_TASK DETAILS_
What is wanted is every line below from the one with "Sanskriti Vintage Pink" up to and including the one with "Butter crock with", retyped exactly, pictures excluded, nothing else.

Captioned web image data
[Start of Attachment]
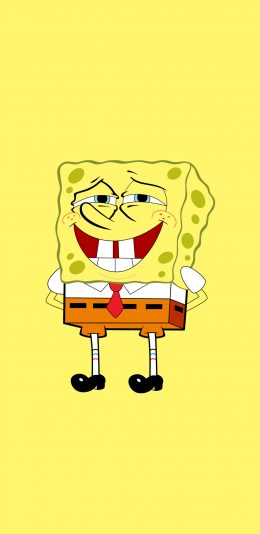 [2436x1125]海绵宝宝 欧美 动画 黄色 苹果手机动漫壁纸图片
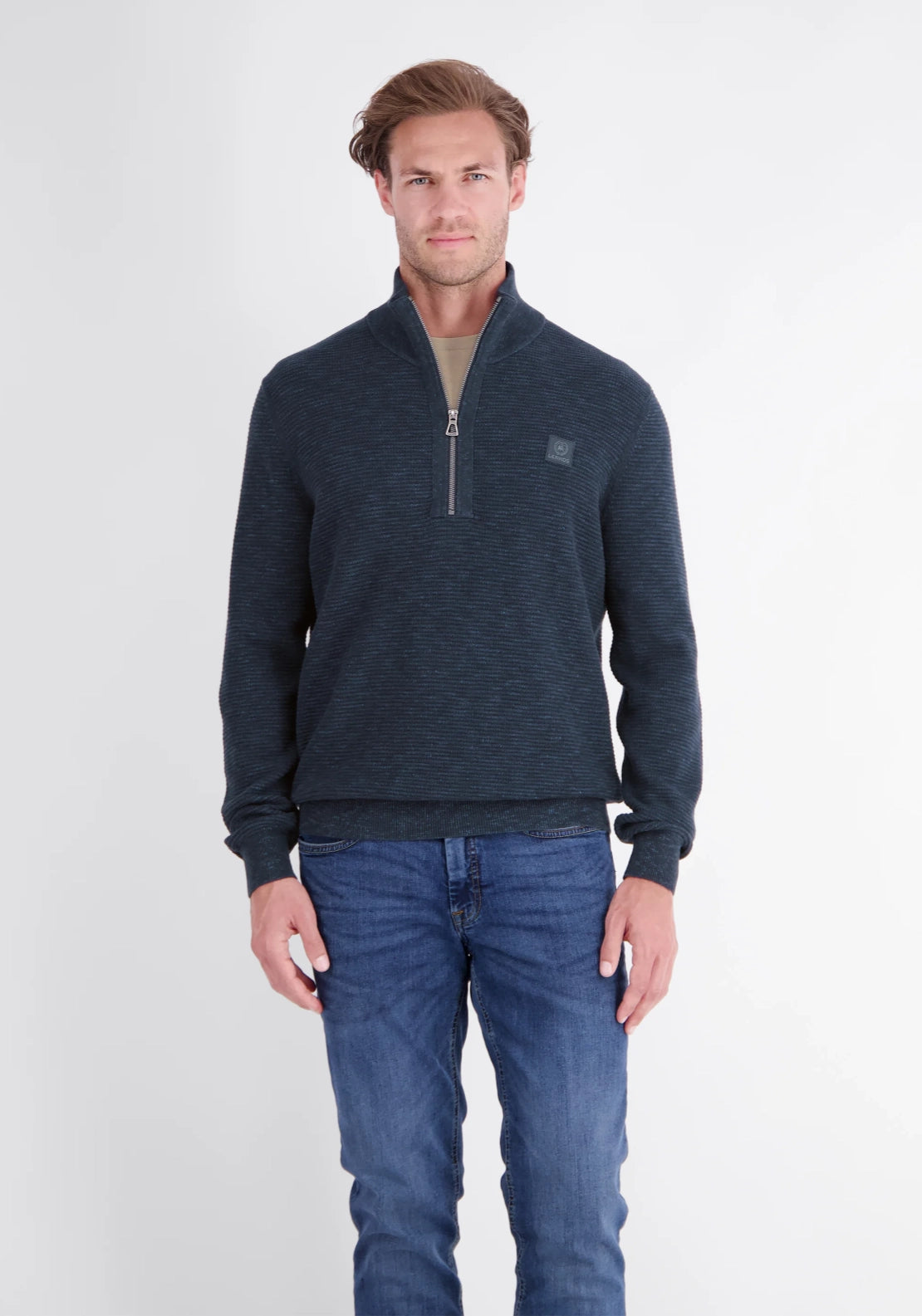 1/4 Zip Knit Sweater - Classic Navy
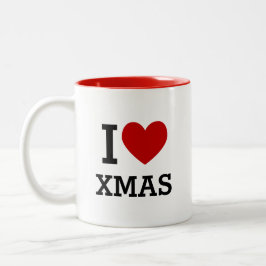 Ik hou van Kerstmis Twee-Tons Koffiemok Tweekleurige Koffiemok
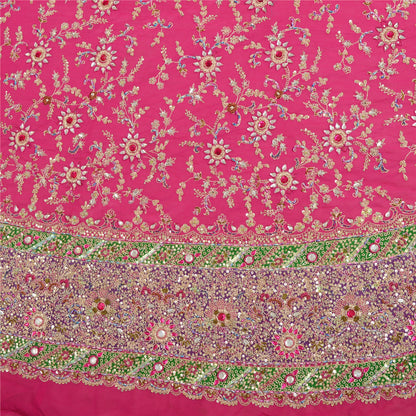 Sanskriti Vintage Pink Pure Georgette Unstitched Lehenga Hand Embroidery Zardozi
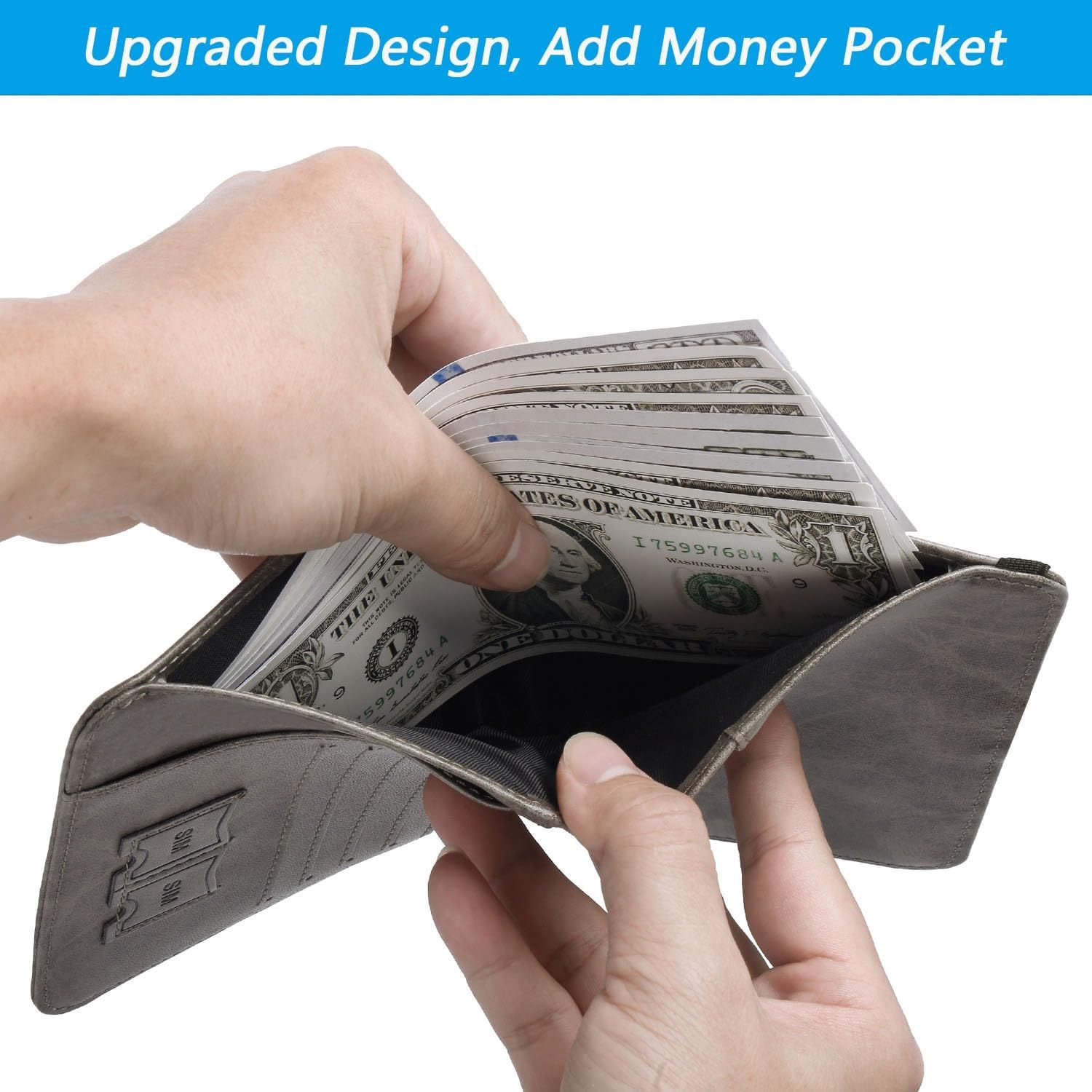 Highlights the wallet's upgraded design featuring a dedicated money pocket for storing cash, demonstrating the product's practical storage capability.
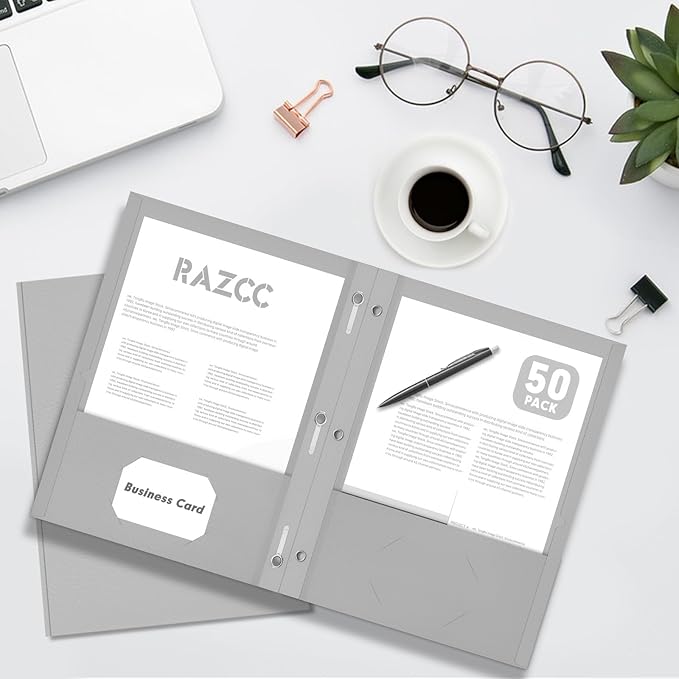 Two Pocket Folders, RAZCC 50 Pack Two Pocket Folders with Prongs, 3 Prong Folders Fit Letter Size Paper, Pocket File Folders for School Office Home Business, Grey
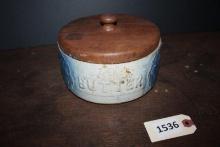 Butter crock with wooden lid, no handle, salt glaze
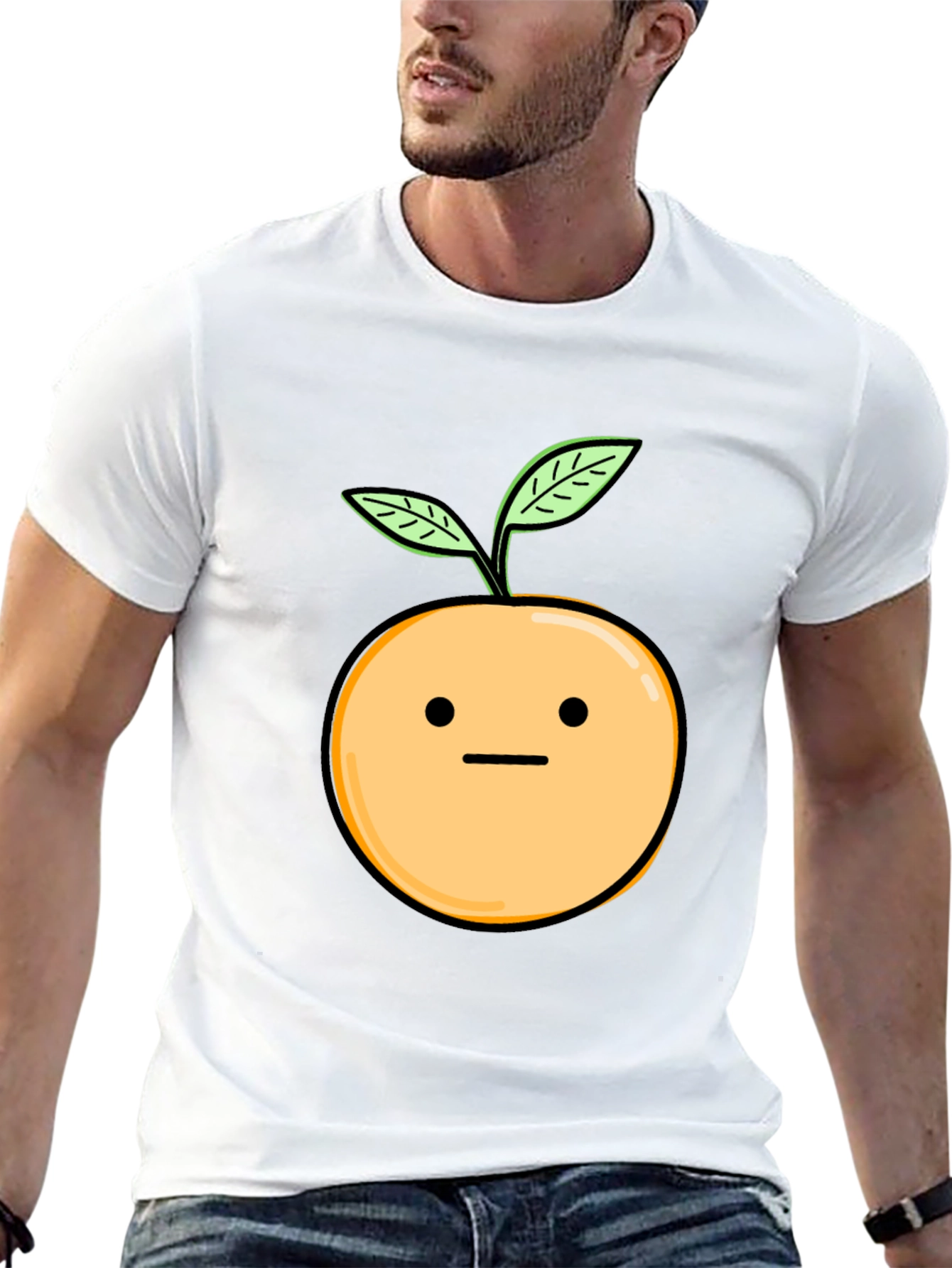 Black Funny Orange Plant T-Shirt view 13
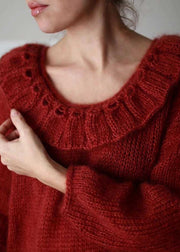 Women Red Peter Pan Collar Oversized Knit Pullover Winter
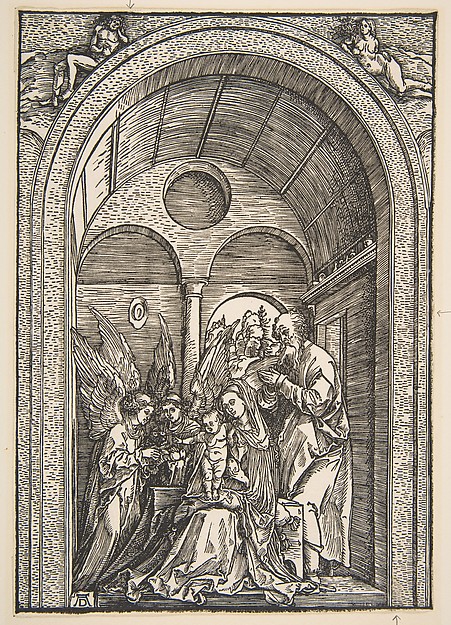 The Holy Family with Two Angels in a Vaulted Hall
[End of Attachment]
_YOUR RESPONSE_
 Sanskriti Vintage Pink Pure Georgette Unstitched Lehenga Hand Embroidery Zardozi
 Highlights the wallet's upgraded design featuring a dedicated money pocket for storing cash, demonstrating the product's practical storage capability.
 Two Pocket Folders, RAZCC 50 Pack Two Pocket Folders with Prongs, 3 Prong Folders Fit Letter Size Paper, Pocket File Folders for School Office Home Business, Grey
 Butter crock with wooden lid, no handle, salt glaze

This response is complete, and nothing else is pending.